Heaphy Track, New Zealand—
The Heaphy Track was like something primeval.
The trail the first day was cut along the Tasman Sea’s edge and mostly went through palm forest. The trees were nikua palms. They were abundant, and their fronds sprouted from their tops like flak bursts. Most often they formed a dense, rigid line that was an obvious demarcation between beach and forest, but occasionally they extended to the beach sand in loosely scattered groves. Off my left shoulder was surf that receded fast down a steep beach slope. The rush made giant rip currents that were lace highways leading to sea. I’d heard rumors that a German girl had paddled near the shore to cool off but the tide swept her out and no search party could find her body.

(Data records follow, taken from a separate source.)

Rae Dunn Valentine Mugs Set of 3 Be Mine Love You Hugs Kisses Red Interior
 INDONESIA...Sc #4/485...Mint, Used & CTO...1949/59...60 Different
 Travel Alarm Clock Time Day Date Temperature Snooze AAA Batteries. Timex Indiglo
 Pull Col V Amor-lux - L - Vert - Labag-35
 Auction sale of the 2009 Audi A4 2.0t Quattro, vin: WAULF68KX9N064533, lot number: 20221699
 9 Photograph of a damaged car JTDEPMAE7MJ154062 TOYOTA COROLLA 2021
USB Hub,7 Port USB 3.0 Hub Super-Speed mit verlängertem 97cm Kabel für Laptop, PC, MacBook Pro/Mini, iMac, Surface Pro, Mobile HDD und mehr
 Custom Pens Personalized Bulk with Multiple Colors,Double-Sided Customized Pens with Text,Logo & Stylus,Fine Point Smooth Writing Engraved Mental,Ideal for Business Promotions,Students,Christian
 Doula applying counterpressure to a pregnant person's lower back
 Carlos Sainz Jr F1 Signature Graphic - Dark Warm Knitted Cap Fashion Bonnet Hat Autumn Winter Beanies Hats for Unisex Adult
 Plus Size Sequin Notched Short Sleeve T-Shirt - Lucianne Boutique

The sea had risen high over the trail in many sections. These places were marked off with red warning signs that recommended not loitering too long since the sea’s recession had left denuded hills and these threatened shedding more debris downwards. Giant rocks had been pilfered from centuries lodging places and tree roots were exposed and ripped apart. The combination of these grandiose destructions made passing the sections a fast and weary experience.
Other than dodging these obstacles the track was flat and easy. The air was tepid; clouds were loosely clotted cotton balls that compressed throughout the day until their undersides squirmed with the precursor to rain. Light drops were floating down by the time I arrived at the campsite in early evening.
The campsite was a north facing grass field with an undulation that would take a rolling stone to the shore of a fresh water river. It came out of a notch of highland and met in a sling-shot of space with the brackish water, and the meeting place was a conflagration of foam. Backpackers stood on the shore to watch the brown water trough and roll over with its brackish cousin. The river was above normal height. Rapids formed in its center and carried loose branches and the broken remains of trees that high-elevation rains had either swept from the forest floor or claimed from the failing river bank’s sides. Other trees that been carried by numerous, earlier storms lay densely scattered on the soft pan of sand and rock that made the river margin. These trees were bleached white by sun, their barks were smoothly polished by water and wind. They were massive, and along with the various smaller branches, had washed up in odd contorted fashion so from afar they could be mistaken for the shattered bones of whales.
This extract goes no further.